И тут он оказался прав. Через несколько дней, не дожив до победы на сталинградском фронте, он умер. Инсульт поразил его на улице. Милицейская машина увезла его в больницу и там, не приходя в сознание, он скончался. Ему было 66 лет.
Р. л. Берг Фото Полякова
Рукопись Филатова не пропала. Тридцать два года она пролежала в архиве под семью печатями страха. Мораль будушего в представлении Филатова нисколько не противоречит коммунистической морали. Моральные кодексы всех религий, как и веру в личное бессмертие, Филатов отвергает. И, тем не менее, понадобилась энергия такого смельчака, как Астауров, чтобы рукопись Филатова увидела свет. Филатов, подумайте только, какая дерзость, не ссылается на классиков марксизма-ленинизма, развивает не их основополагающие идеи, а свои собственные. Он осмеливается искать корни благородного поведения человека не в классовой борьбе, а в предыстории человечества, в животном мире. Причину подавления эгоистического начала он видит в материнской любви и в готовности матери жертвовать жизнью для спасения ребенка. Человек, принесший в редакцию рукопись такого содержания, не только не добился бы ее опубликования, но поставил бы под удар свою карьеру.

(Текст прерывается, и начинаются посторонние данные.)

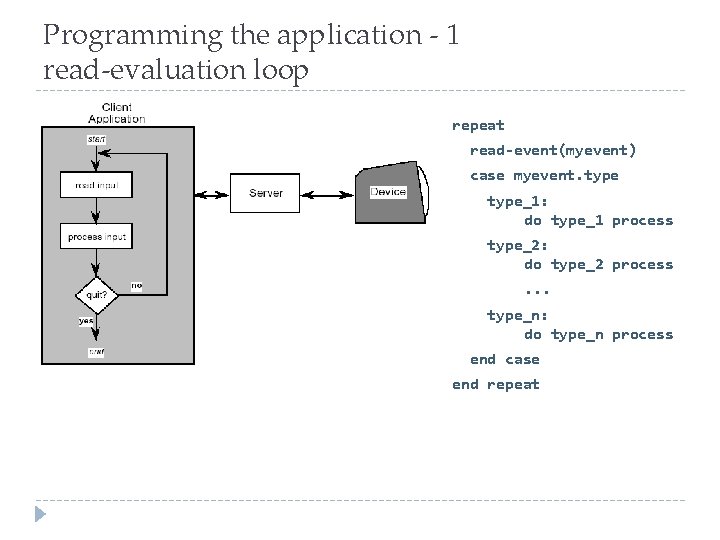 Programming the application - 1 read-evaluation loop repeat read-event(myevent) case myevent. type_1: do type_1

Опубликованием рукописи Филатов обязан не одному Астаурову. Вопрос о биологических корнях альтруизма поднят другим берсерком, другим храбрецом, способным голым бросаться в бой и сражаться с закованными в латы марксизма-ленинизма воинами. Этот берсерк – Эфроимсон, недавно выпущенный из сталинского лагеря смерти – Джезказгана. Он написал статью о биологических корнях альтруизма, о том, что без взаимопомощи, самопожертвования, без подавления инстинкта самосохранения не было бы человека. Его статья напечатана в «Новом мире». Редактор журнала Твардовский и автор Эфроимсон выпустили джинна из бутылки, из той самой бутылки, где лежала запечатанная семью печатями страха рукопись Филатова – замурованный джинн. Астауров отредактировал рукопись, придал ей законченный вид. Она напечатана в альманахе «Пути в незнаемое» в одиннадцатом номере, в 1974 году. Называется она «Норма поведения или мораль будущего с естественноисторической точки зрения». В будущем морали не будет, утверждает Филатов. Кодекс предписаний исчезнет, сольется с нормой поведения, отождествится с ней. Добро будет господствовать, эгоистическое начало будет подавлено, как и инстинкт самосохранения. Любовь к людям станет частью любви ко всему живому. Отпадет за ненадобностью удовлетворение в заботе о счастье других людей, в любви к жизни в целом. И сейчас есть люди этого высшего типа. В будущем они завоюют жизнь. Их жизненная стойкость тому порукой. «Из всех житейских передряг они выходят моральными победителями, то есть удерживают свои привычные и единственно возможные для них отношения к окружающему и к окружающим».
Редактирование статьи Филатова – одно из последних дел Астаурова. О нем и о его гибели речь впереди. Имя редактора и автора предисловия стоят в альманахе в траурных рамках.